The Clever Badger I'm not dead yet!

18May/108

In Which Ken Ham Unsurprisingly Fails To Address James McGrath’s Key Points

(Note: This post took me a lot longer to write than I expected.  In the interim, other posts have appeared that either directly supplement this one, or add background.  NCSE commented on the video on their Facebook page, and also has a book excerpt up dealing with Ken HamSkippy has a cogent analysis of the matter as well.)

A couple of weeks ago, James McGrath posted an article on his blog, Exploring Our Matrix, containing this video:

This is part of a longer HBO documentary called Friends of God, which can be found here.

Anyway, in his post, James (who, I'll point out, is an associate professor of religion at Butler University)  calling out  people like Ken Ham (who, near as I can tell, isn't an associate professor of anything) for "false teaching".  My take on James' post is that he feels that people like Ham are encouraging Christians to stand up for pseudoscience rather than relevant social issues.1

So, it seems that Ham took note of James' post and took exception, and wrote this little screed to whine about it.

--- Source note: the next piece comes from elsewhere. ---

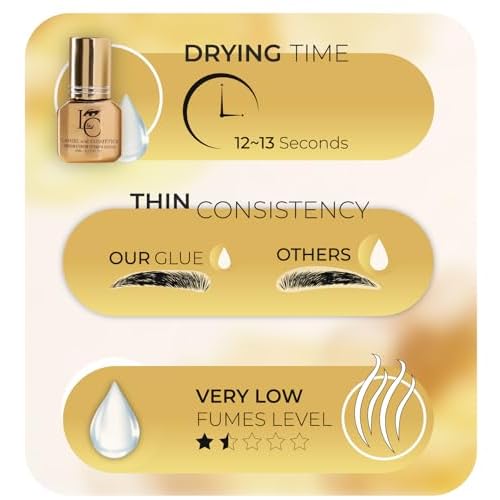 Eyebrow Extensions Premium Kit with 4 Trays of Mink Eyebrows in Light Brown, Brown, Dark Brown, Black, Comes on Mixed Length Trays 5-8 Mm Mix, Eyebrow Premium Glue & Extension Tweezers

A few things that immediately jump out at me:

  1. Ham fails to link to James' original post.
  2. Ham fails to address James' main complaint - that Ham and folks like him are distracting people from what should be the main efforts of Christianity.
  3. Ham does little more than accuse James of not being a real Christian - he plays the No True Scotsman card.2

Really, when all is said and done, Ham hasn't done much more than complain that James was mean to him and that he's right and James is wrong.

This puts James in the same Ham-category as folks like P.Z. Myers,3 which is rarefied company indeed, so in an odd way, Ham may have done James a favor (I'd venture to say that Exploring Our Matrix will be pretty close to the top of Google hits for  "McGrath Ham Answers in Genesis").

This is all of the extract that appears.